Visualization of Radiology Errors
Working with a resident from Emory University Hospital, we had the opportunity to develop tools that display attributes of errors made by residents over the past two years. The tool supports immediate analysis while remaining flexible so that data can continue to be collected and uploaded into the future.
This was an exciting and important topic as it can greatly impact the healthcare provided to patients. Human error can cause serious, sometime fatal, outcomes; one of the first steps to reducing errors is to understand when and why these errors occur. Few visualization tools exist to help radiology physicians at this facility learn from their mistakes so we were excited to be able to provide such a tool to some of the Emory residents.
Our Users and context
We have worked very closely with our client to understand the future users of this tool. Our users are physicians practicing at Emory University School of Medicine. Our users have two central needs for a diagnostic error visualization display.
First, the tool will be used as part of a quality assurance program. For instance, residents will be able to use the application to see what common errors are made by their peers of similar experience level.
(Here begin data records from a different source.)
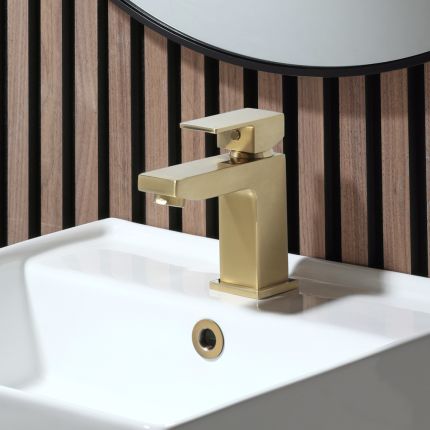 Milano Lyra - Modern Mono Basin Mixer Tap - Brushed Brass
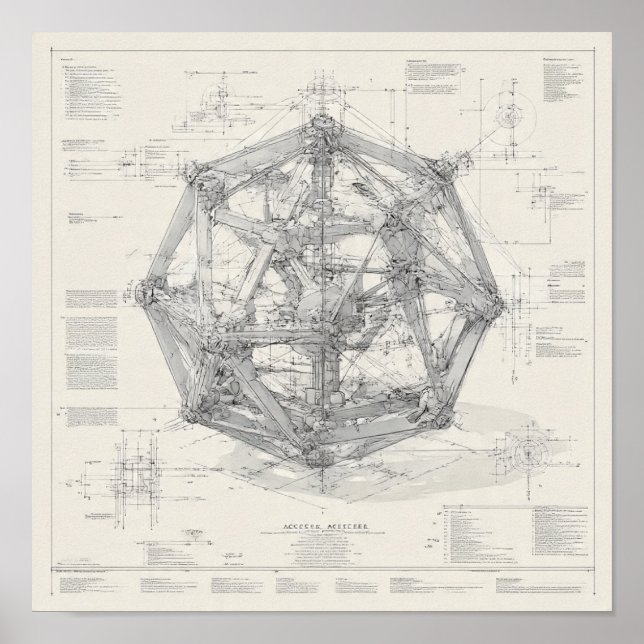Technical Engineering Design: Icosahedron  Poster (Front)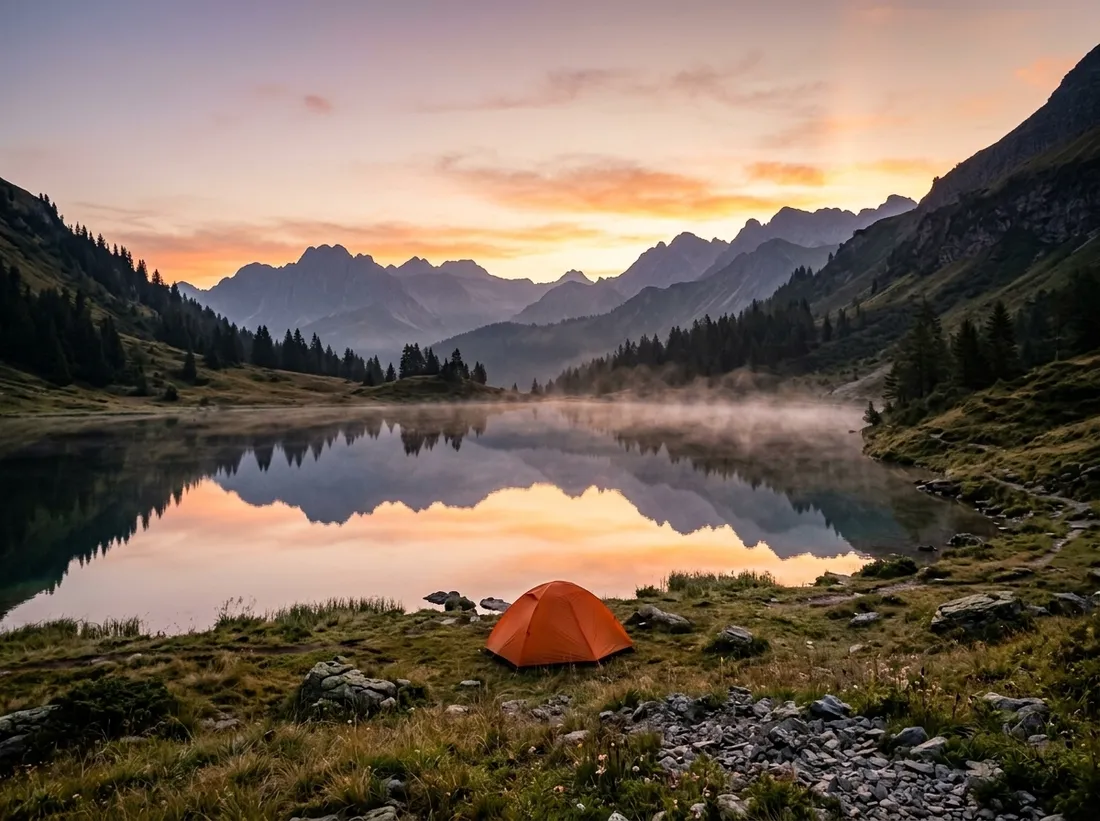 An orange tent beside a still alpine lake at dawn, with mist on the water and mountains reflected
Secondly, the visualization will serve as an educational tool for physicians; the data can be used to focus educational lectures on commonly made errors. These needs indicate that this tool must be a combination of exploratory as well as directed information display. In addition the tool must be able to accept more data as future errors are made and recorded so that users may monitor changes over time.
These needs indicate that this tool must be a combination of exploratory as well as directed information display. In addition the tool must be able to accept more data as future errors are made and recorded so that users may monitor changes over time.
We have opted for a dashboard interface. Multiple interfaces will better allow our users to navigate the data and draw their own conclusions. This flexibility encourages our users to explore the data in ways that best supports their learning and understanding. The visualizations are modeled to best mine the supplied dataset which focuses on errors and details of those errors that have been made in the recent past.